> [Exercise objective]:
Nothing outside the range is to be copied. From the entries below, reproduce exactly the lines starting at the one with "Sekjen DPP Wanita" and ending at the one with "Post 2 by Anna on TikTok (video)", without pictures.

> [Entries supplied]:
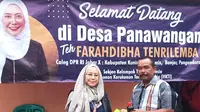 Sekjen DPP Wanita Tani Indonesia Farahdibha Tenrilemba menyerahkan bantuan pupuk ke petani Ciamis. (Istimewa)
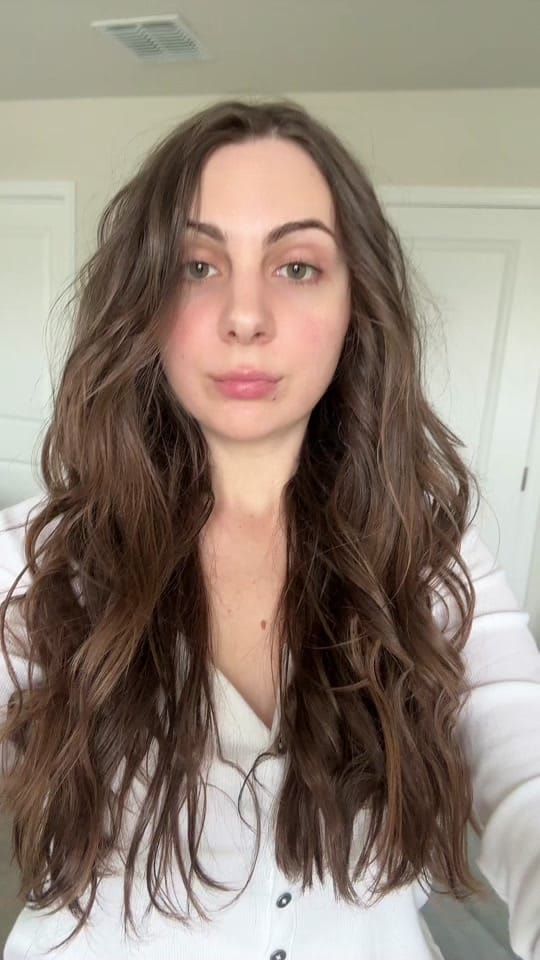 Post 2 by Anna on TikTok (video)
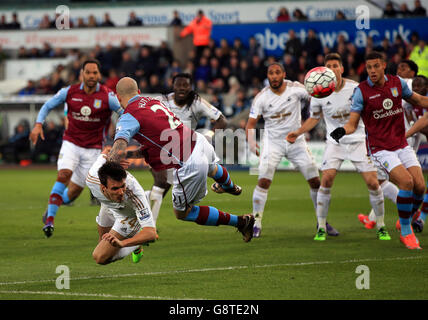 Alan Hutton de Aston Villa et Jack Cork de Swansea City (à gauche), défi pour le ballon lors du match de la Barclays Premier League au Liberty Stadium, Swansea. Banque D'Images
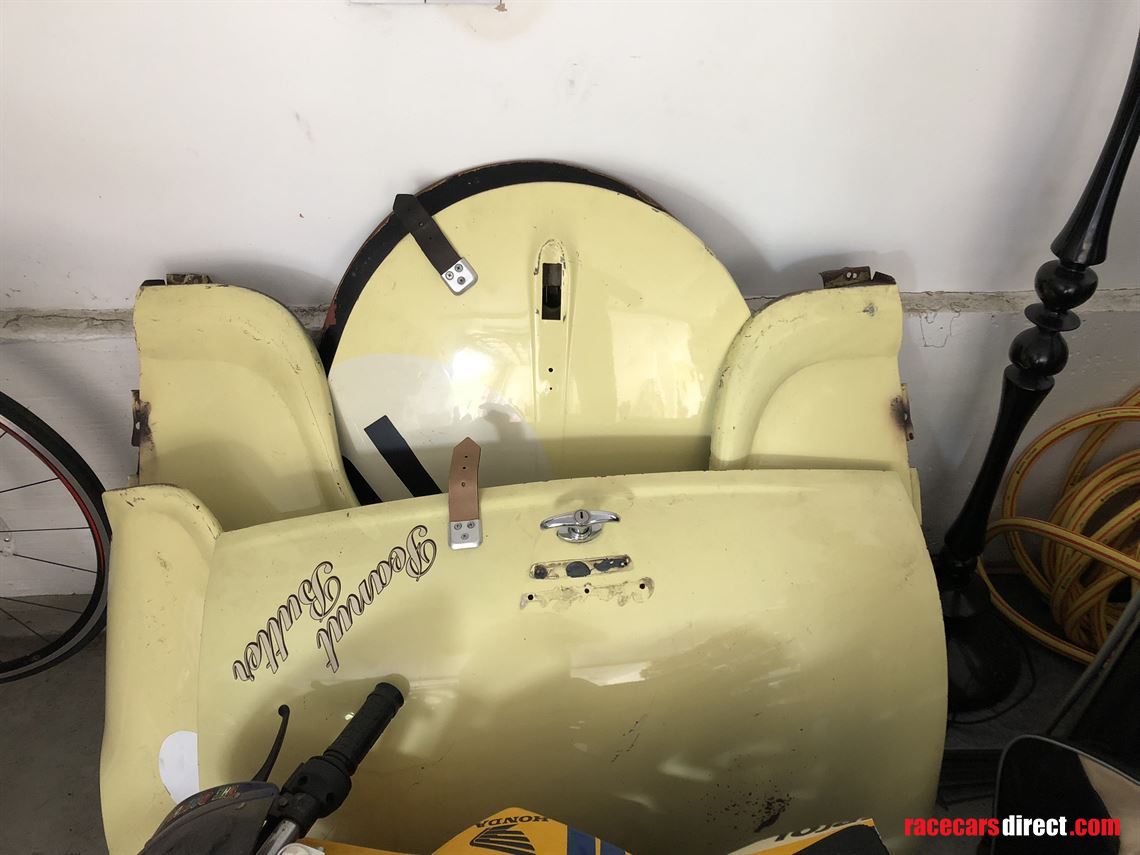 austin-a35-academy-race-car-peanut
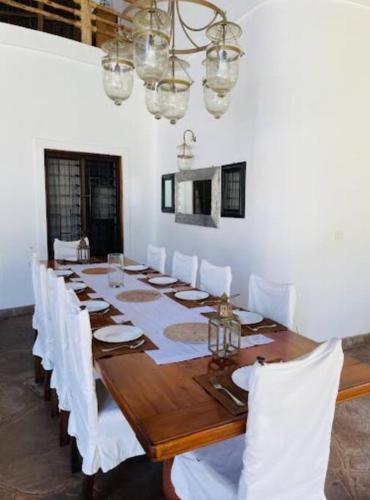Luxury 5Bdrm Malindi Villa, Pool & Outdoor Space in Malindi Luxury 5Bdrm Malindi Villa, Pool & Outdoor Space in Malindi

---

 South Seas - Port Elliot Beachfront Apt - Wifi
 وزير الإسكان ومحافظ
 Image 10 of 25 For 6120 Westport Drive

==

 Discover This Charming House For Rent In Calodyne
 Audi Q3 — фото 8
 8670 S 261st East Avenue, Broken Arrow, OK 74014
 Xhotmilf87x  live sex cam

> [Solution to this problem]:
 Sekjen DPP Wanita Tani Indonesia Farahdibha Tenrilemba menyerahkan bantuan pupuk ke petani Ciamis. (Istimewa)
 Post 2 by Anna on TikTok (video)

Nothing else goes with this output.